And now we have a three-branch form of government. Chairman, vice chairman, secretary and vice secretary elected every four years starting in 2004. The legislative branch, 18 representatives -- three from each of the six districts -- are elected every four years -- staggered terms for two reps, then one rep elected two years later -- all serving four-year terms. We have one chief judge; two associates judges elected every four years. The executive branch duties is to implement and enforce all laws, resolutions, codes and policies duly adopted by the legislative branch; represent the Crow Tribe in negotiation with federal, state and local governments. The legislative branch duty is to promulgate and adopt laws, resolutions, ordinances, codes, regulations and guidelines in accordance with this constitution. The judicial branch shall have jurisdiction over all matters defined in the Crow law and order code. Stability was achieved with this 2001 Apsáalooke/Crow Nation -- constitution. There is more stability. Continuity was achieved. Business could be conducted in a more timely manner. All issues pertaining to the Crow tribe could now be discussed and reviewed before being voted on. Separation of powers along with checks and balances is now in place. Majority rule is instrumental on all decisions made by the Apsáalooke Nation.

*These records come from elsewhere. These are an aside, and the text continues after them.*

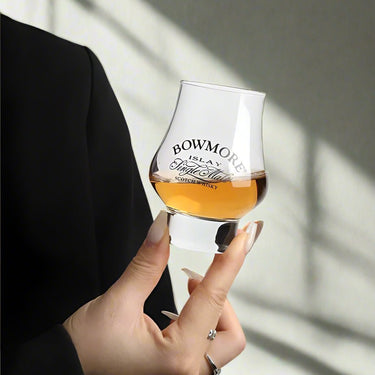 Close-up of Bowmore Single Malt Scotch Whisky in a sniffer glass held by a hand, showcasing elegance and sophistication.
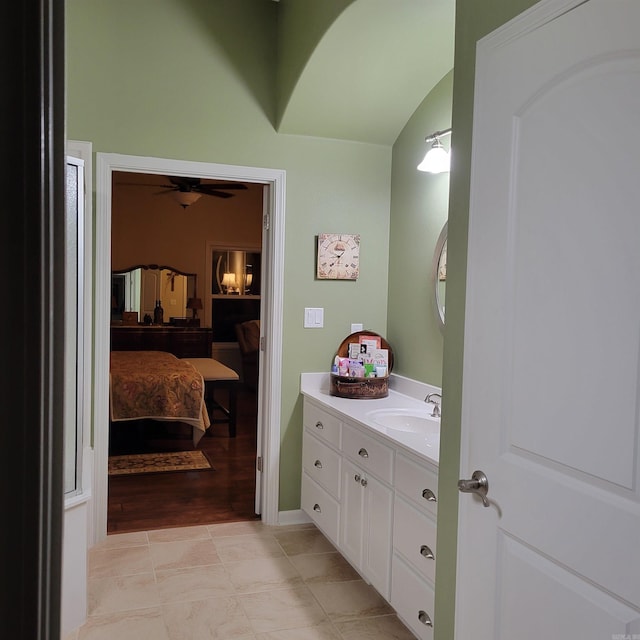 ensuite bathroom featuring ensuite bathroom, ceiling fan, vanity, and tile patterned floors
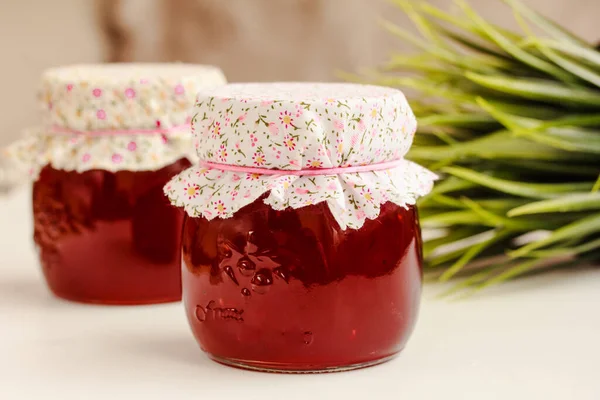 Glass jars of red currant jelly on white table. Preserved berries, homemade jam. Copy space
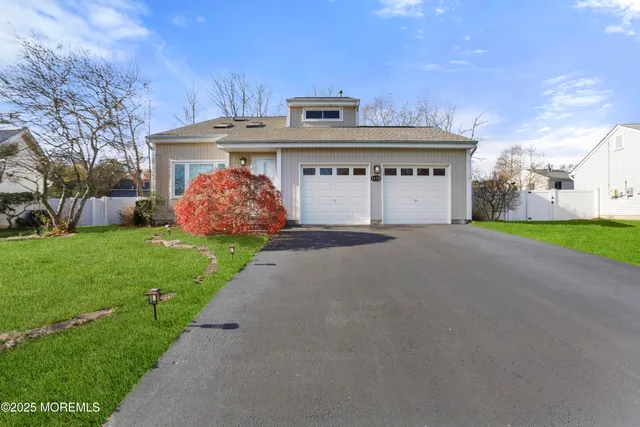 a view of a house with a yard and garage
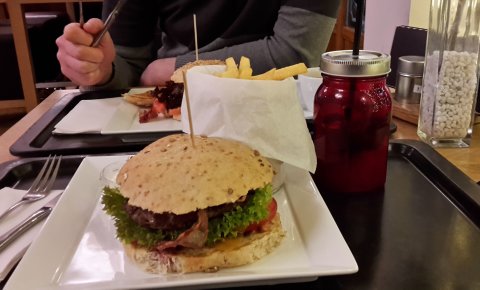 Burger und Limonade in einem roten Gefäß, auf schwarzem Tablett.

And today, the constitution that we have, Department of Interior acknowledged it. We didn't have them approve it. We didn't have them say, ‘That's the document to use.' We said, acknowledged this as our constitution. And today every business that we do, it doesn't have to be approved by the BIA [Bureau of Indian Affairs], it doesn't have to go through all the red tape, bureaucratic red tape. But today we have an LLC [limited liability corporation], probably the first tribe to have a limited liability company to bring business in. We have a work first protection act that we passed, which strengthens TERO [Tribal Employments Rights Office]. We have more of...there's more businesses coming to the tribe. There's more tribes coming, more businesses coming to the Crow, because there's more stability, continuity. And so that's our constitution from traditional form of government to the one we have today -- 2001. (I saw a sign over there that said stop so I have to stop.)